**The task:** All of the entries below should be printed exactly; the pictures are to be left out.

**Dataset content:**
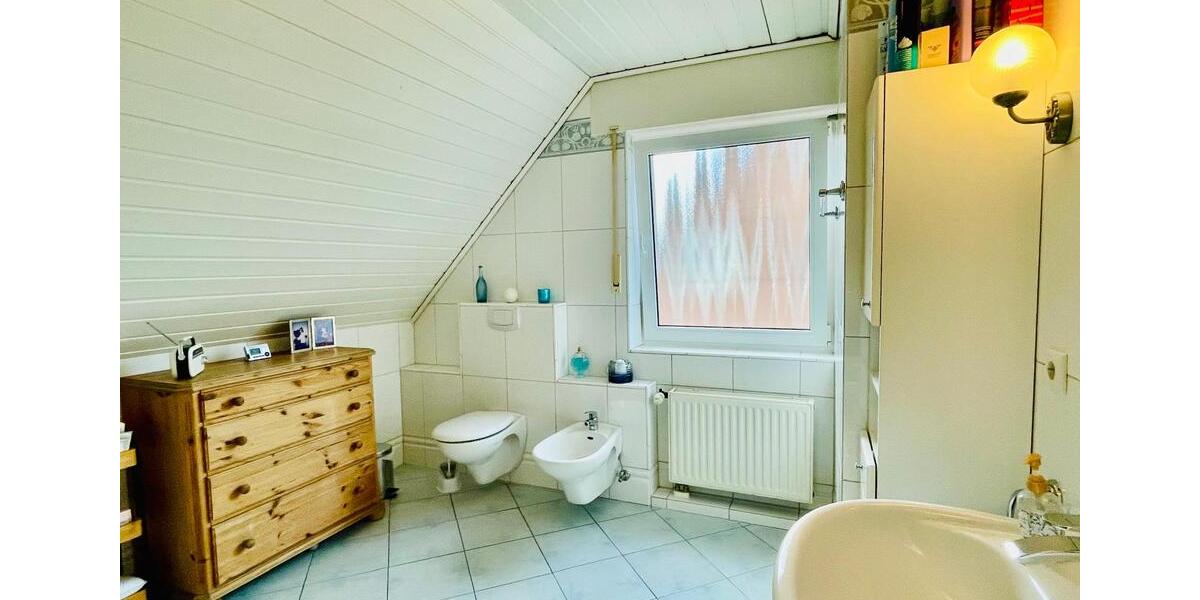Doppelhaushälfte Rees - 3 Zimmer, 99 m&sup2;, 285.000&euro; | Angebot:27125368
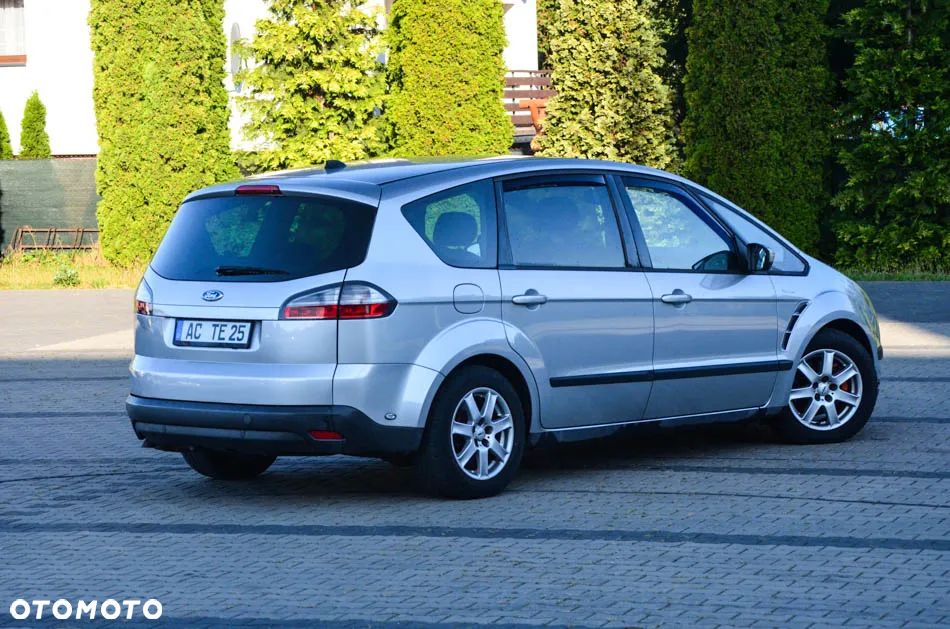 Ford S-Max 2.0 TDCi Ambiente - 20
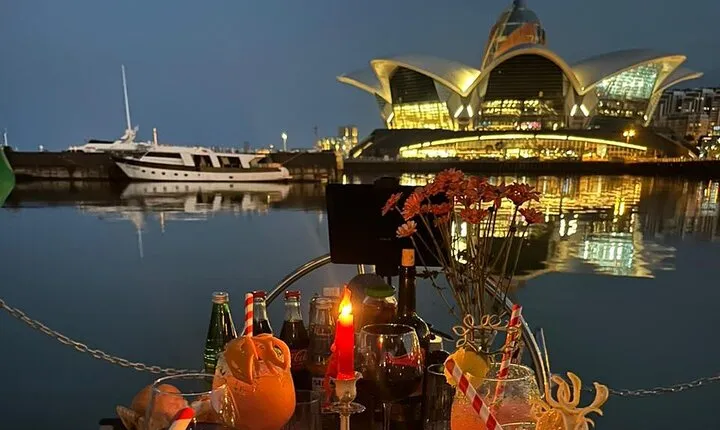 Yacht tour in Baku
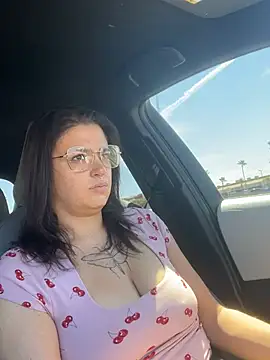 Snapshot of SafeinouterSpace chatting on March 27, 2026, 6:07 pm SafeinouterSpace online show from March 27, 2026, 6:07 pm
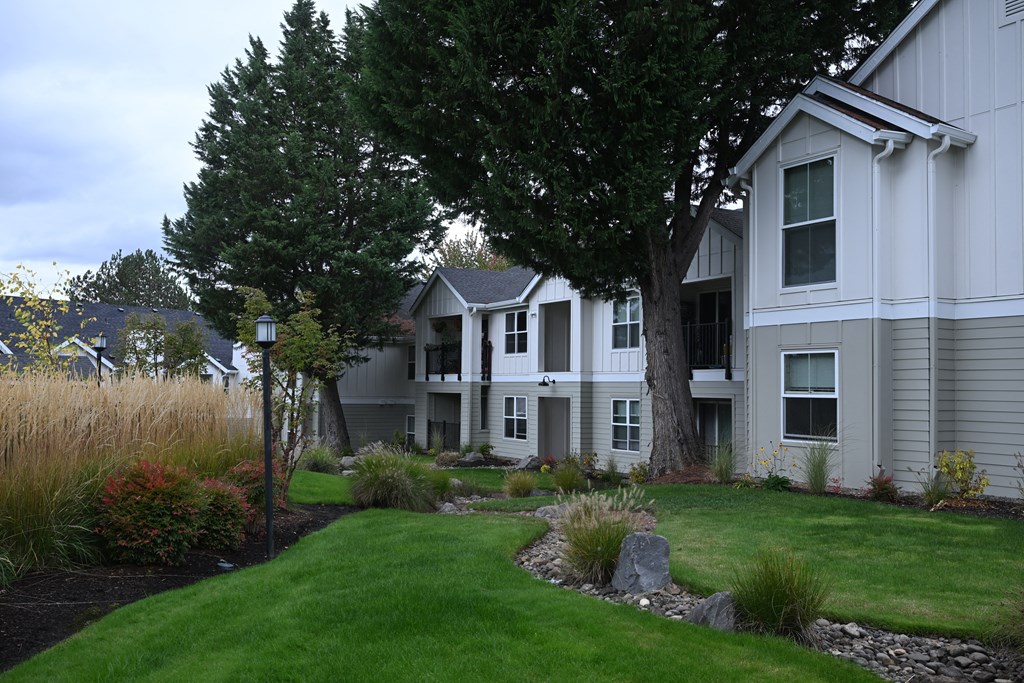 exterior views at Emerald Place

**Exercise answer:**
Doppelhaushälfte Rees - 3 Zimmer, 99 m&sup2;, 285.000&euro; | Angebot:27125368
 Ford S-Max 2.0 TDCi Ambiente - 20
 Yacht tour in Baku
 Snapshot of SafeinouterSpace chatting on March 27, 2026, 6:07 pm SafeinouterSpace online show from March 27, 2026, 6:07 pm
 exterior views at Emerald Place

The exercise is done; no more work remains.